Current State and Future of Quantum Computing
Quantum computing is early in the maturity cycle, but the landscape is heating up. IBM launched Osprey, a 433-qubit machine, last year and has set its sights on building a 100,000-qubit machine within 10 years. Google is targeting a million qubits by the end of the decade. Other players in the nascent space include D-Wave Systems, IonQ, Rigetti Computing, Honeywell, Microsoft, Intel, and PsiQuantum. Fortune Business Insights has projected that the quantum computing market will grow from $928.8 million this year to $6.5 billion by 2030.
However, challenges remain in the development, cost, and talent acquisition of quantum computing. Companies are still figuring out how to scale the number of physical qubits that can be built into quantum computing systems, as well as optimizing how the different qubits interact with one another. The technology is also expensive, given that the systems require intricate cooling technologies to shield the qubits. The skills gap is another problem, with McKinsey predicting that by 2025, fewer than half of quantum jobs will be filled.
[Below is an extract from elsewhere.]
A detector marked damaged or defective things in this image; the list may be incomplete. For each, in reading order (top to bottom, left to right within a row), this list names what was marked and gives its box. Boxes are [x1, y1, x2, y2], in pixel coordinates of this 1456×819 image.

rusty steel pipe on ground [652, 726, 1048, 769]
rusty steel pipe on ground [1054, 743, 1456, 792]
“Implicitly, there’s a race going on between the classical computer and quantum computer. For each type of question you want to solve, you want to know which type of computer will win so you can take the best advantage of it,” – Neil Thompson, a research scientist at MIT Sloan and the MIT Computer Science and Artificial Intelligence Laboratory.
“Quantum computing is not going to be better for everything, just for some things,” – Neil Thompson.
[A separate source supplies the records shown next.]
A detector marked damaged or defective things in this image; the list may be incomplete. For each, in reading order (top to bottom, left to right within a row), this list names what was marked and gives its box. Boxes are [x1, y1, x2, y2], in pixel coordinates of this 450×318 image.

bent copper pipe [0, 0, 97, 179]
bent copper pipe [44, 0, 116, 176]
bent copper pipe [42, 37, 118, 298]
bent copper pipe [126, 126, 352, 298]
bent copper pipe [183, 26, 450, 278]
“Think of it like a race in getting from point A to point B, and the algorithm is the route,” Thompson said. “If the race is short, it might not be worth investing in better route planning. For it to be worth it, it has to be a longer race.” – Neil Thompson.
Summary
Quantum computing, which applies the laws of quantum mechanics to solve complex problems, could have a significant impact on businesses, potentially solving large-scale problems faster than classical computers. However, a framework developed by MIT researchers suggests that while quantum computing may benefit those dealing with large problems and large datasets, it may not offer advantages for small to moderate-sized problems typically encountered by businesses.
- Quantum computing, which applies the laws of quantum mechanics to solve complex problems, could have a significant impact on businesses.
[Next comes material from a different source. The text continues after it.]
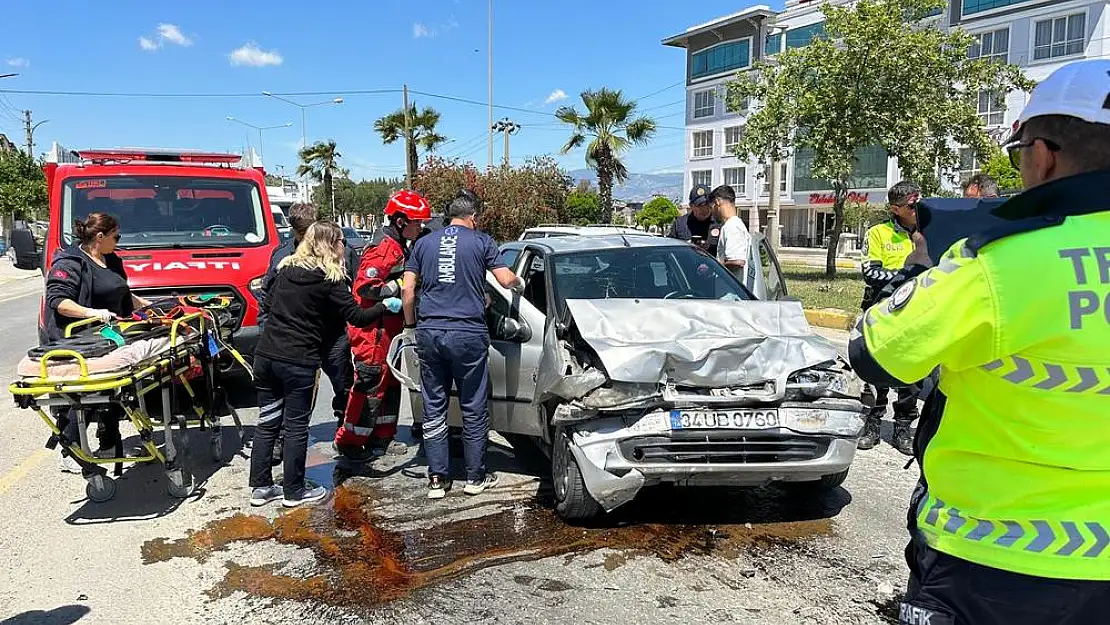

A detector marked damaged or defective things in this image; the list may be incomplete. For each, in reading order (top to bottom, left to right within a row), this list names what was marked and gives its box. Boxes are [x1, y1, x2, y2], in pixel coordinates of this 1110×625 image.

damaged silver car [388, 235, 865, 519]
crumpled car hood [550, 297, 834, 392]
- MIT researchers, in collaboration with Accenture, have developed a framework to help businesses evaluate the potential of quantum computing for problem-solving.
- The researchers, including Neil Thompson from MIT and Sukwoong Choi from the University of Albany, suggest that quantum computing will be beneficial for solving large problems with exponential algorithmic gains and processing very large datasets.
- Quantum computers use quantum bits (qubits), which can represent combinations of ones and zeros simultaneously, increasing their potential for large-scale problem-solving.
- The researchers’ framework helps businesses determine whether a shorter route or a faster computer is more valuable, depending on the problem they are trying to solve.
- The concept of quantum economic advantage is introduced, which occurs when a problem can be solved more quickly with a quantum computer than with a comparably priced classical computer.
- Major players in the quantum computing field include IBM, Google, D-Wave Systems, IonQ, Rigetti Computing, Honeywell, Microsoft, Intel, and PsiQuantum.
- Challenges in the field include scaling the number of physical qubits, decreasing error rates, high costs, and a skills gap.
- Quantum computing is expected to be useful sooner for small-scale problems and later for solving more complex problems.